Nlist=read.csv… Find file with species list below:

#loop 
  for(i in 1:length(Nlist)) {
      key <- name_backbone(name=Nlist[i], kingdom='animals')$speciesKey
      r=occ_data(taxonKey=key, hasCoordinate=TRUE, 
                 limit=limit,basisOfRecord="PRESERVED_SPECIMEN")
      FF <- as.matrix(r$data[,fields[cols]])
      
        write.table(FF, file = paste(fname,a,".csv",sep=""), sep = ",",
                  row.names = FALSE, col.names = F, fileEncoding = "", append=T)
    }# end for i
1 Like

I tried out your code.

Can you give a few examples of names in your list that end up with GBIF records with names that are not what you expect? Then I can track down why those names might be giving you the wrong data.

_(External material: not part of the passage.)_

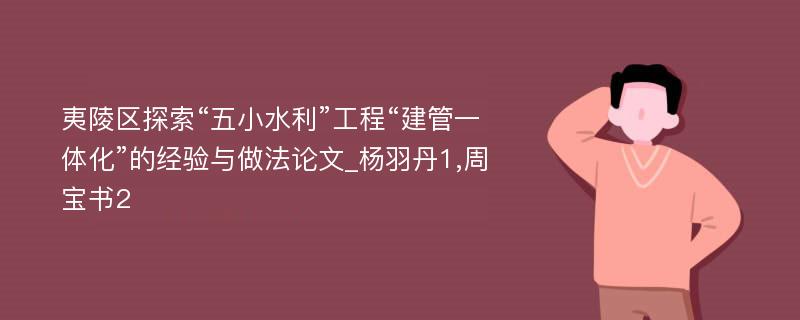 夷陵区探索“五小水利”工程“建管一体化”的经验与做法论文_杨羽丹1,周宝书2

The strange thing is that i dont find this behavior when asking for single
species, only when i asked for them in a loop. The same happened with two
different loops.

Okay, if it only happens while in a loop that suggests that during one or more of the loop steps something is going wrong. Can you give perhaps some example output from the loop that is connected to the input name that created it, then I can go from tehre

Sure, here it is:

The error starts after Diplodactylus conspicillatus, but i tried with that
species alone and it worked fine. also several of the species in the list
didnt got any record, but that might be by slight name errors. I’m trying
to figure that out now.

Thanks!

Try this code out for debugging the problems, a little easier to see what’s going wrong:

options(stringsAsFactors = FALSE)
file <- "foobar.csv"
data_limit <- 10
num_taxa <- 100

records <- data.frame(matrix(nrow=0,ncol=4))
write.table(records, file = file, sep = ",",
            row.names = FALSE, col.names = TRUE, fileEncoding = "", append=F)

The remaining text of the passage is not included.